───── Data for this exercise

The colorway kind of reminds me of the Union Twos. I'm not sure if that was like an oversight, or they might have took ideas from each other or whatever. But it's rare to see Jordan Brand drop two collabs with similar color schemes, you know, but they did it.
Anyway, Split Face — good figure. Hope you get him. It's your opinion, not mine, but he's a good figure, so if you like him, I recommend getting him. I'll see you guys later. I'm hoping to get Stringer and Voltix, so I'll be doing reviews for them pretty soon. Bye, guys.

──────────
───── Data for this exercise

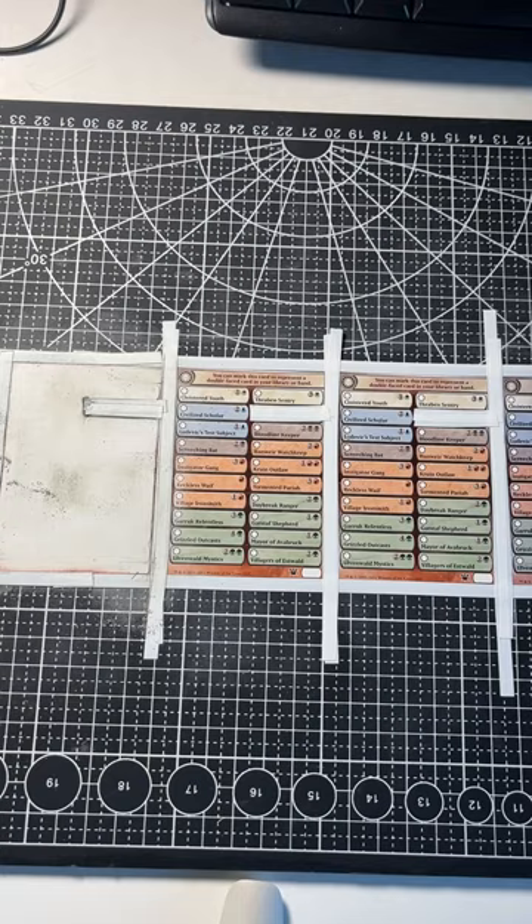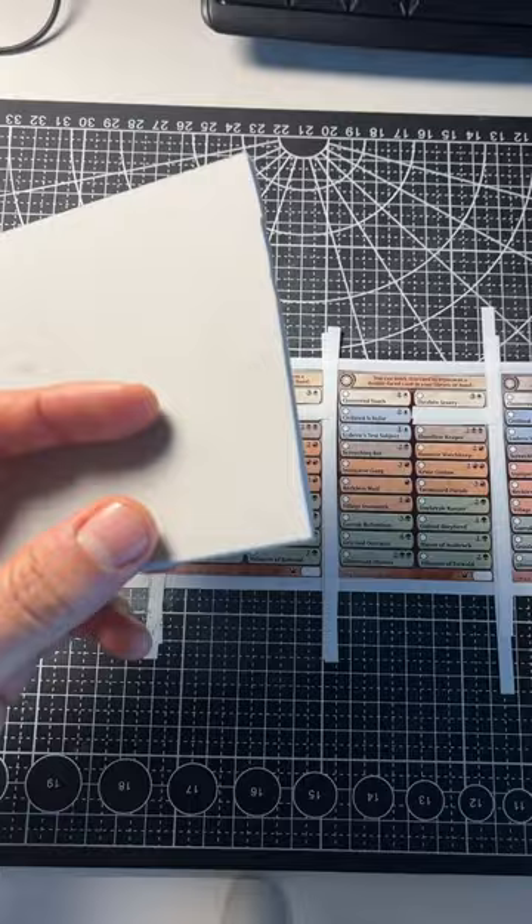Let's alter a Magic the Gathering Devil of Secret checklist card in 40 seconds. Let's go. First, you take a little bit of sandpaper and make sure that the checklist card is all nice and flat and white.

──────────

Try it:
In the listing above, find the line with "The colorway kind" and the line with "Anyway, Split Face", then reproduce both and every line between them exactly.

Problem solution:
The colorway kind of reminds me of the Union Twos. I'm not sure if that was like an oversight, or they might have took ideas from each other or whatever. But it's rare to see Jordan Brand drop two collabs with similar color schemes, you know, but they did it.
Anyway, Split Face — good figure. Hope you get him. It's your opinion, not mine, but he's a good figure, so if you like him, I recommend getting him. I'll see you guys later. I'm hoping to get Stringer and Voltix, so I'll be doing reviews for them pretty soon. Bye, guys.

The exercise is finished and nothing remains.